Try it: Reproduce the listing in full, pictures excluded.

Given data:
Start of Block

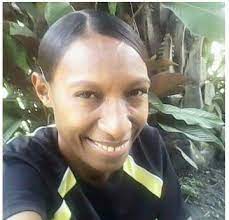 750 x 1146 · jpeg. Selamat Pagi Persatuan Rambut Belah Tengah Malaysia Facebook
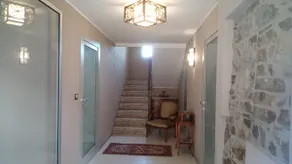 Bardi al Riolo: La Betulla apartment - Image 2
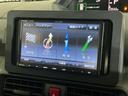 ワンオーナー　ナビ　ドラレコ　ＥＴＣ　片側パワースライドドア　ロングスライドシート　コーナーセンサー　オートハイビーム　Ｂｌｕｅｔｏｏｔｈ　ワンセグＴＶ　スマートキー　プッシュスタート　オートライト（京都府）の中古車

End of Block

Exercise solution:
 750 x 1146 · jpeg. Selamat Pagi Persatuan Rambut Belah Tengah Malaysia Facebook
 Bardi al Riolo: La Betulla apartment - Image 2
 ワンオーナー　ナビ　ドラレコ　ＥＴＣ　片側パワースライドドア　ロングスライドシート　コーナーセンサー　オートハイビーム　Ｂｌｕｅｔｏｏｔｈ　ワンセグＴＶ　スマートキー　プッシュスタート　オートライト（京都府）の中古車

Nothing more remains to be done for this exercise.